Hoje, milhares de brasileiros disputam ossos e retalhos de carnes, antes destinadas aos cães, para ingerir, minimamente, alguma proteína animal e amenizar a dor da fome. A tradicional combinação feijão com arroz atingiu valores proibitivos para enorme parcela da população. “Uma em cada duas famílias brasileiras sofre de insegurança alimentar — ou seja, seus membros não sabem, ao despertar, se poderão alimentar-se adequadamente ao longo do dia. Em apenas 12 meses, o preço do óleo de soja subiu 83,79%; o do feijão, 48,19%; e o do músculo, um dos cortes bovinos menos caros, 46,06%”, revela estudo do pesquisador holandês Jan Douwe van der Ploeg, professor nas universidades de Wageningen, na Holanda, e de Pequim, na China e parceiro intelectual de diversos movimentos camponeses pelo mundo afora, está empenhado em compreendê-lo. O estudo foi traduzido pela AS-PTA Agricultura Familiar e Agroecologia.

Este obscuro cenário está instalado no Brasil, que se vangloria de compor a lista dos maiores exportadores de alimentos e de ter o agronegócio como um dos pilares da economia. Mas ressalte-se que entre 2019 e este ano, ingressaram no Brasil 1.165 agrotóxicos. Com a mudança da classificação, de acordo com os riscos à saúde, passou de 702 para 43 (redução de 93%) o número de produtos classificados como “extremamente” e “altamente” tóxicos, que a Organização Mundial da Saúde (OMS) recomendou que fossem banidos das lavouras. Além da fome, os alimentos disponíveis podem afetar a saúde dos brasileiros, que não contam, em sua maioria, com o que há de melhor nas redes públicas.

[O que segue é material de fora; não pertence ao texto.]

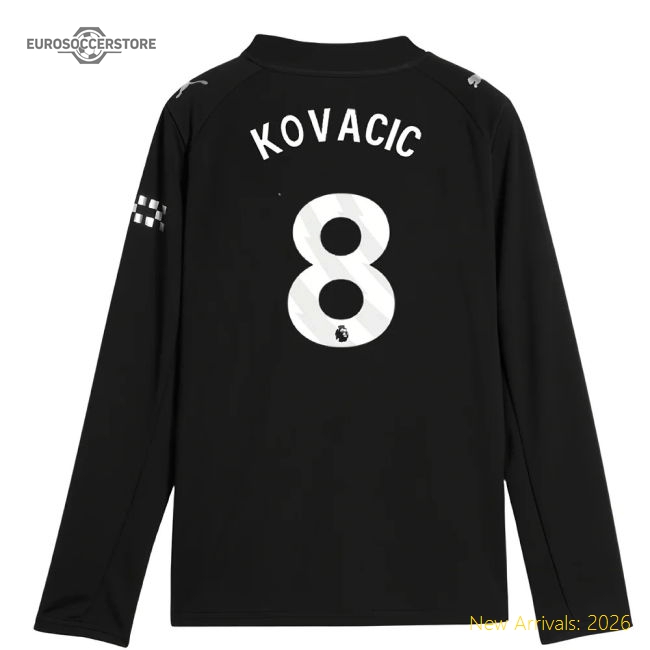 2025-2026 Man City Long Sleeve Away Shirt (Kids) (Kovacic 8)-Football Jersey Hub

Embora o desmonte do nefasto palco exija mudanças profundas nas relações entre poder e sociedade, alguns setores organizados da população, incorporados pelo espírito de humanidade e solidariedade, estão empenhados em construir alternativas à tragédia. Buscam espaços para produzir e ofertar comida de verdade, com alto teor nutricional, à população, ou seja, alimentos livres de venenos. Entre esses grupos, está o Fórum Nacional de Segurança Alimentar e Nutricional dos Povos Tradicionais de Matriz Africana (Fonsanpotma).

O Fórum existe em 14 unidades da Federação, mas começou neste ano a se instalar no Distrito Federal e Entorno, com unidades em Planaltina, no Paranoá e no município de Águas Lindas (GO), sob a coordenação da professora Edna Andrade. A proposta objetiva formar lavouras e criar animais, observadas as mais modernas técnicas da agroecologia, garantindo os legados da ancestralidade africana. A meta é criar cooperativas de produção para assegurar emprego e renda e, principalmente, ofertar comida de verdade à sociedade. O trabalho do fórum se soma ao de outras instituições, formadas por quilombolas, povos originários e organizações agroecológicas.